**Exercise directions:** In the records below, repeat word for word only the lines starting at the one that contains "Snapshot of tatty_wilson" and ending at the one that contains "Used Mazda Mazda2", pictures excluded.

**Given data:**
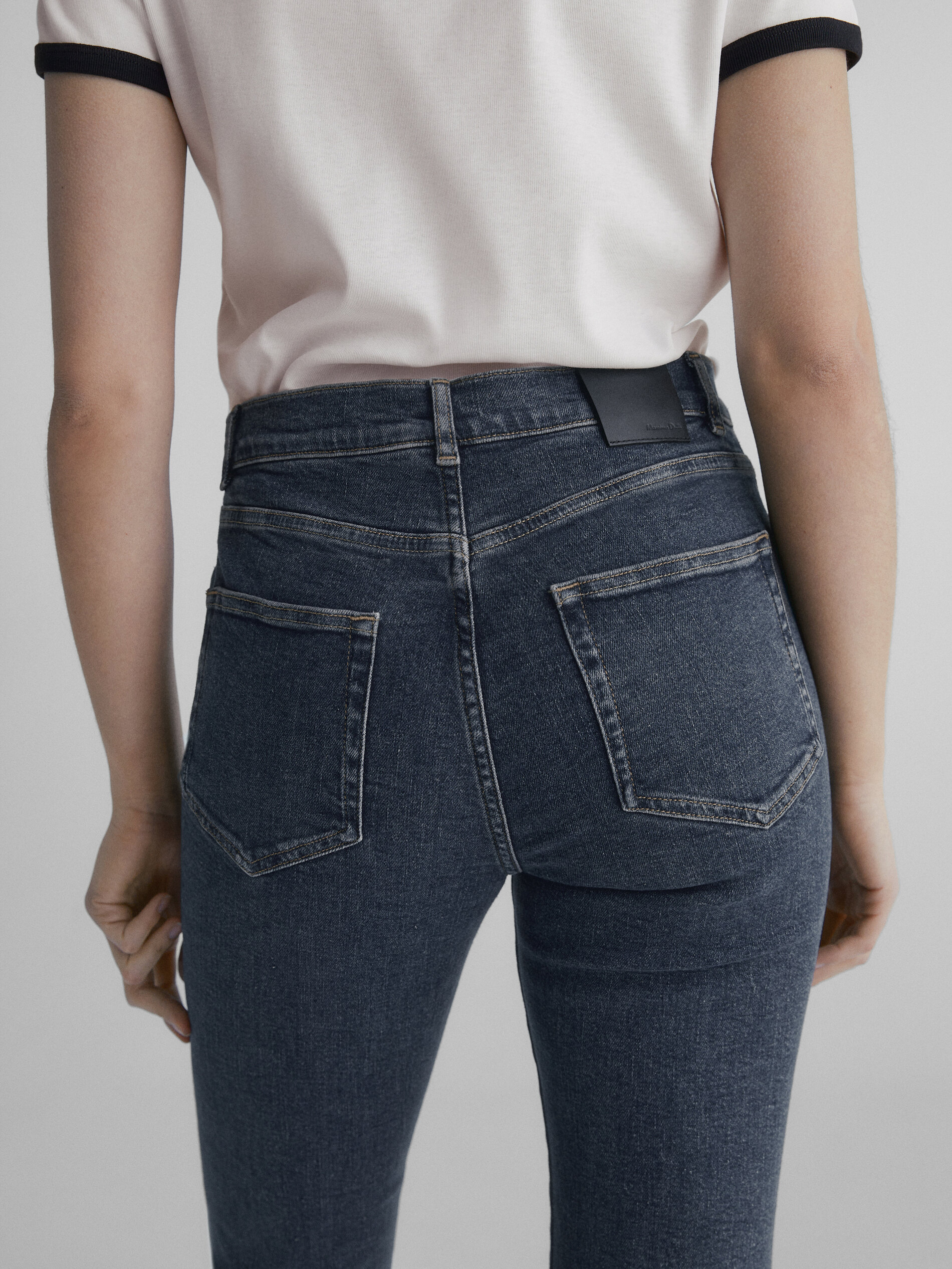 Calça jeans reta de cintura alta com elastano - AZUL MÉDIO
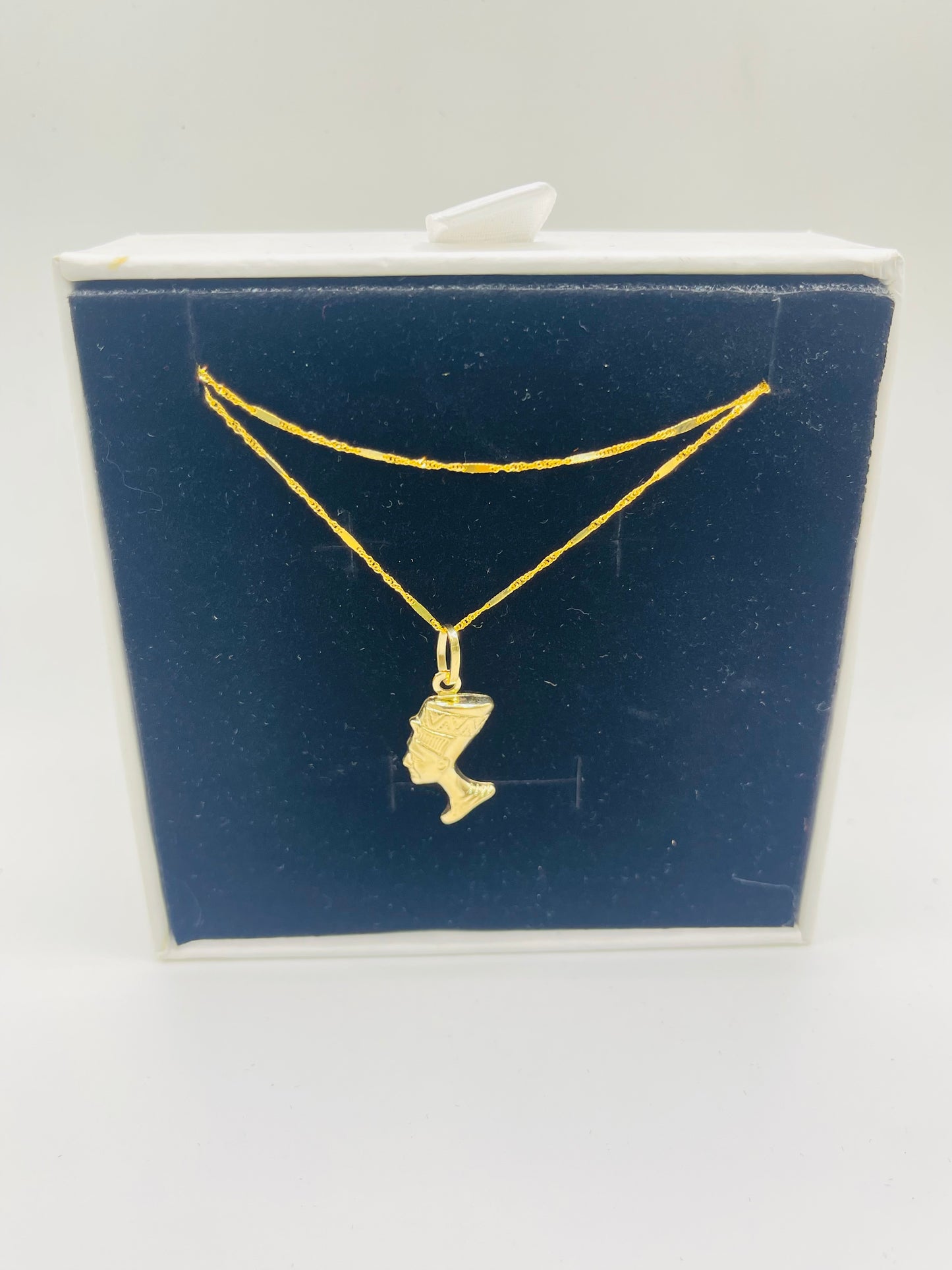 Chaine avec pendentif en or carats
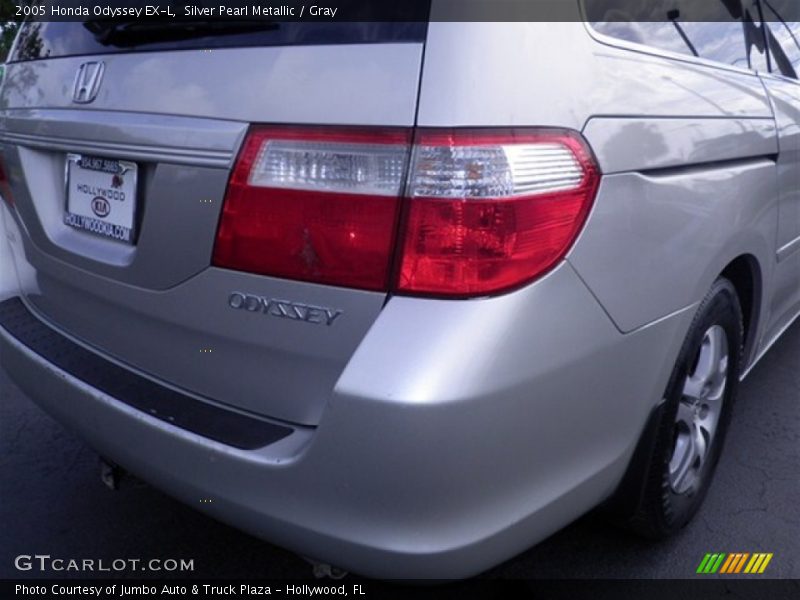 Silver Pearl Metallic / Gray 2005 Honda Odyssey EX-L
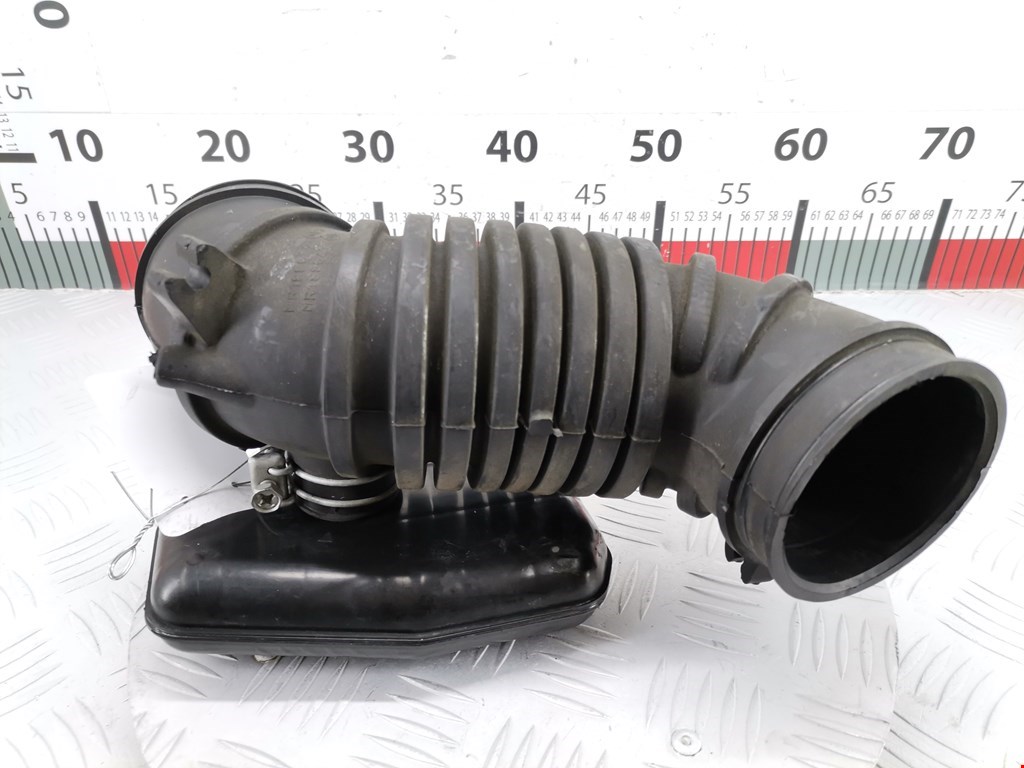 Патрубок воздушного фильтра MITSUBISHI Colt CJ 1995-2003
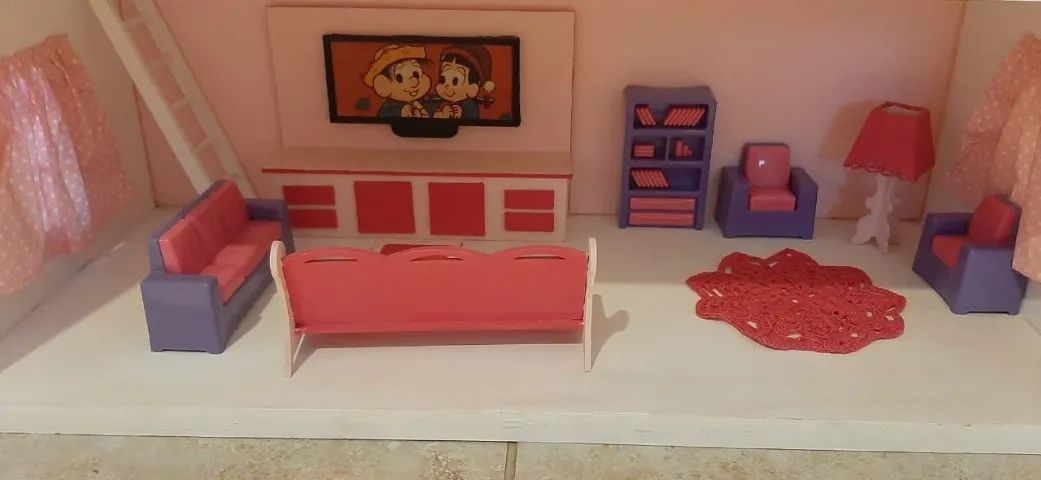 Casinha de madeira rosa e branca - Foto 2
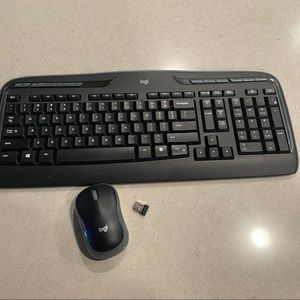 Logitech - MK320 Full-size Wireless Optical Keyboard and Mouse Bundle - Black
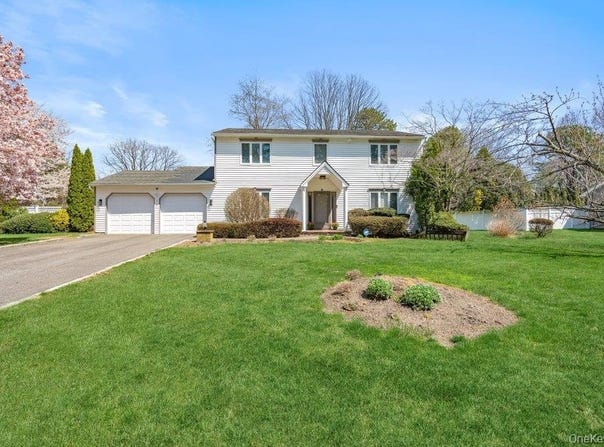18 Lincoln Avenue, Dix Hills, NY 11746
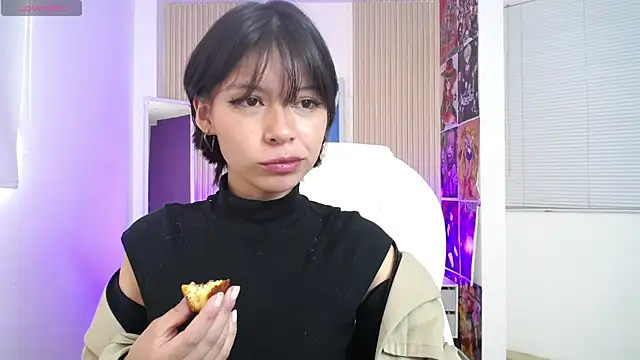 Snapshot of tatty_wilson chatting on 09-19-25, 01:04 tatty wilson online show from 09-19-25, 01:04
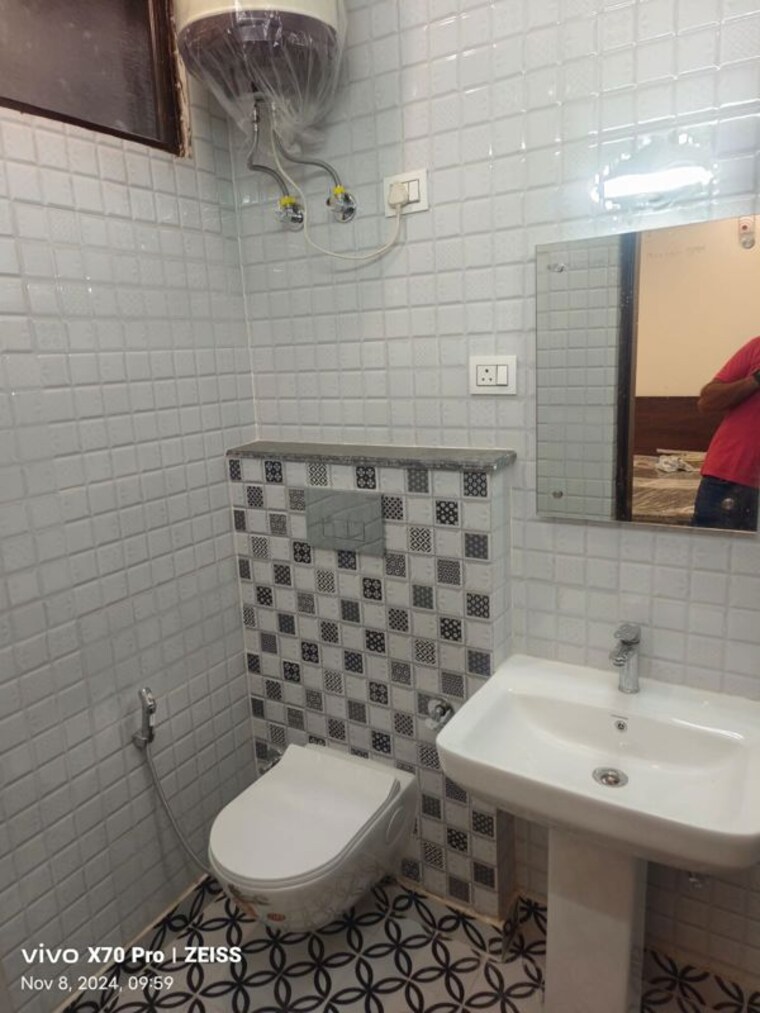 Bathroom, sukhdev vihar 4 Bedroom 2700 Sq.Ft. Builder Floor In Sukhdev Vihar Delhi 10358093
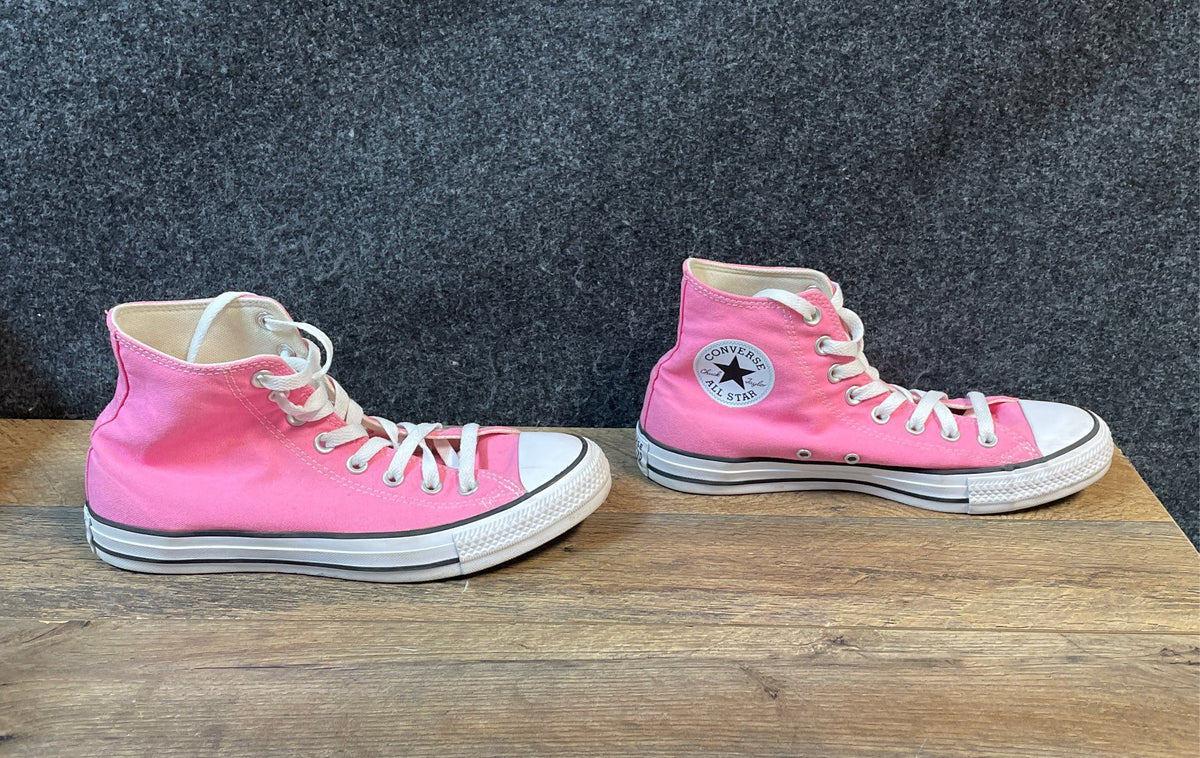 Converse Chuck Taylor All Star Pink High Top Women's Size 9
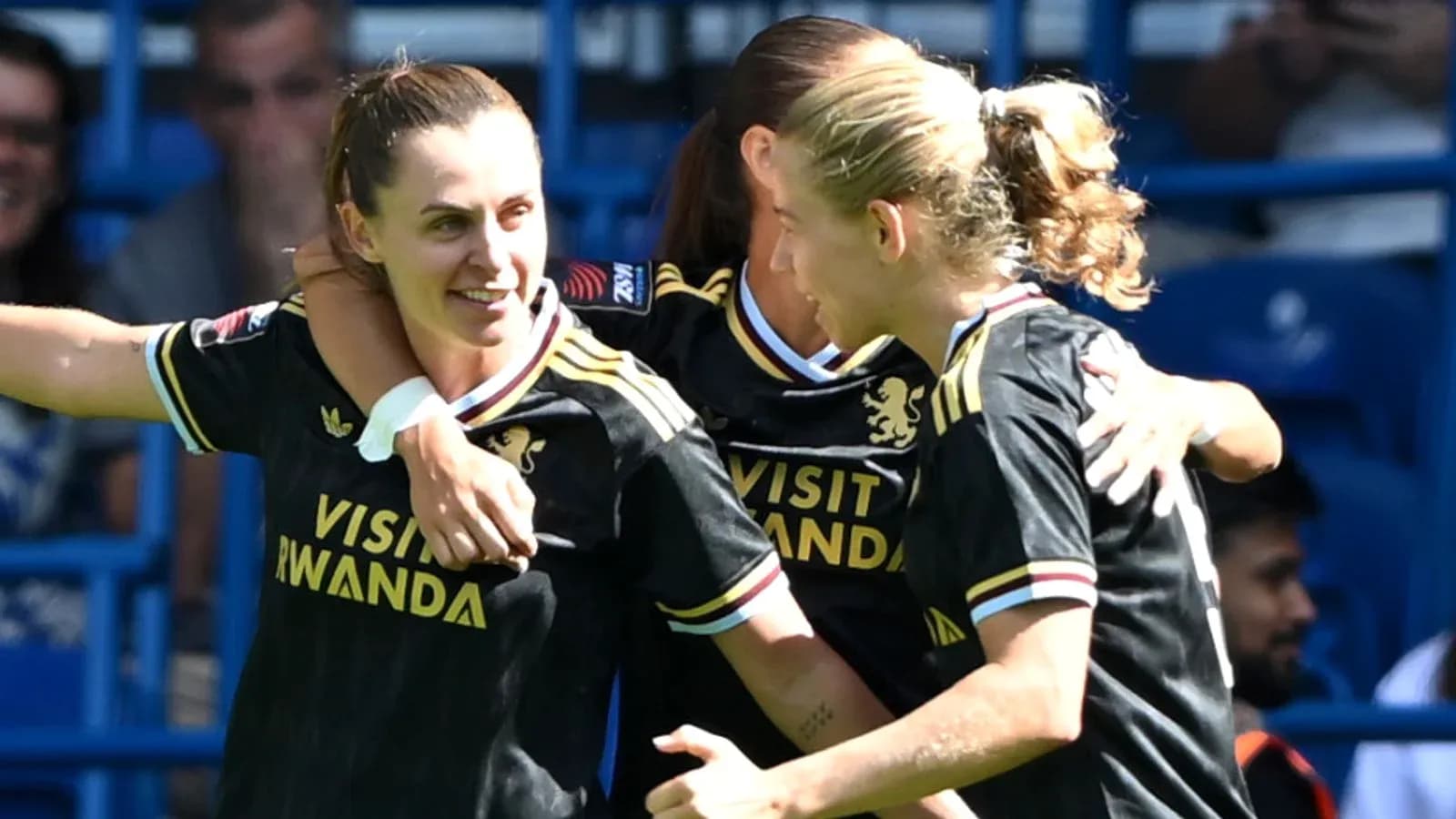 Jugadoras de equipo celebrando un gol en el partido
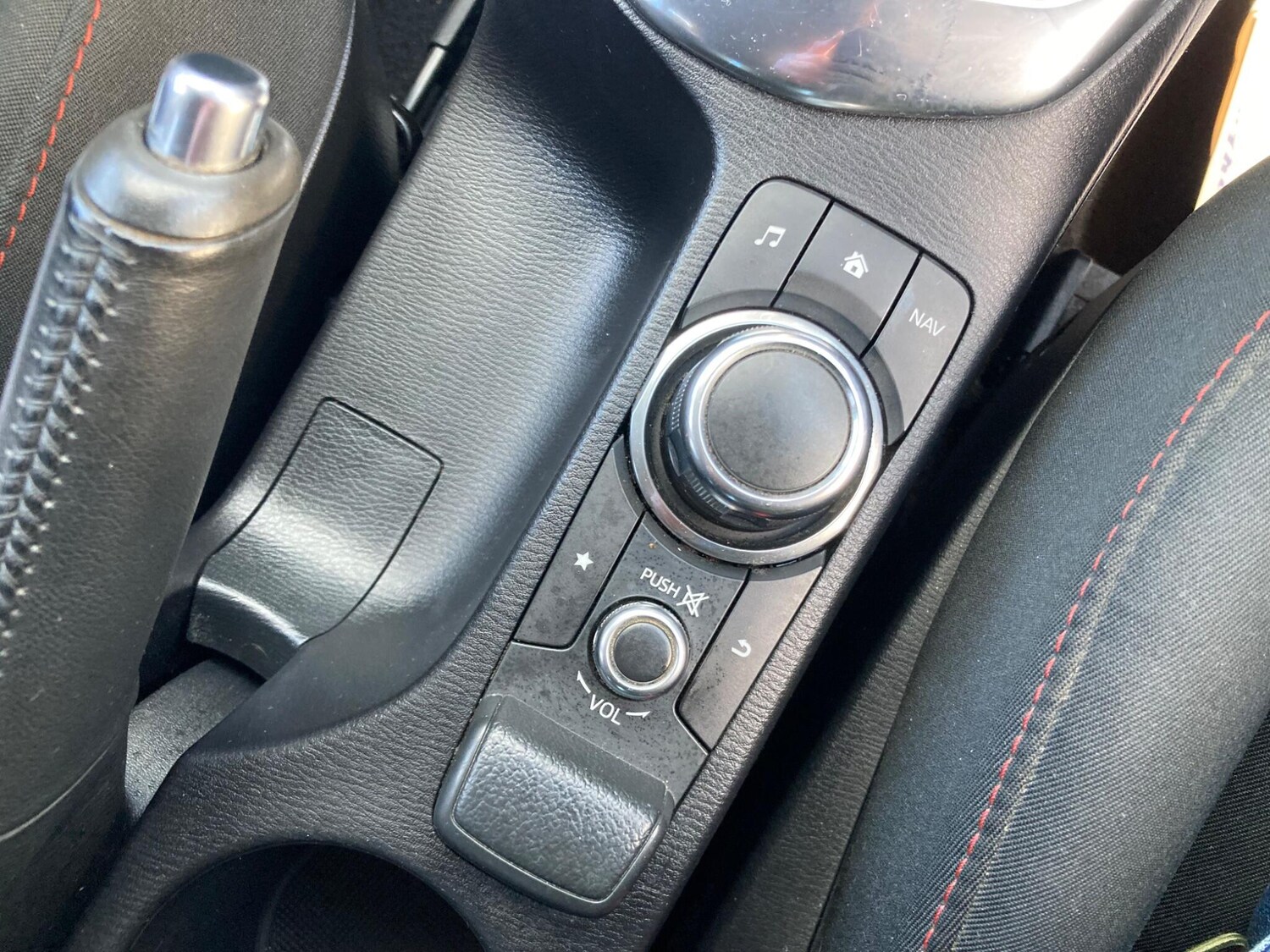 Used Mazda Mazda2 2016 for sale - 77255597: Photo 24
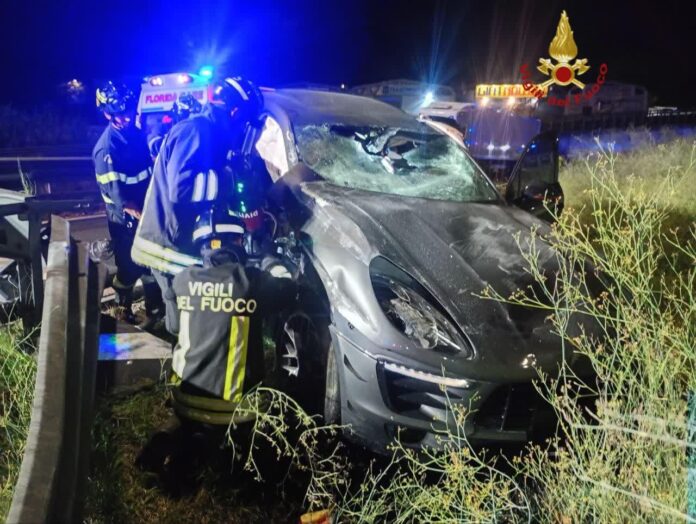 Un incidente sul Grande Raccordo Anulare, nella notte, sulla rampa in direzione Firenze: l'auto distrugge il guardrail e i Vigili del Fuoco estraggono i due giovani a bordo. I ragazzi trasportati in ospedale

**Written response:**
 Snapshot of tatty_wilson chatting on 09-19-25, 01:04 tatty wilson online show from 09-19-25, 01:04
 Bathroom, sukhdev vihar 4 Bedroom 2700 Sq.Ft. Builder Floor In Sukhdev Vihar Delhi 10358093
 Converse Chuck Taylor All Star Pink High Top Women's Size 9
 Jugadoras de equipo celebrando un gol en el partido
 Used Mazda Mazda2 2016 for sale - 77255597: Photo 24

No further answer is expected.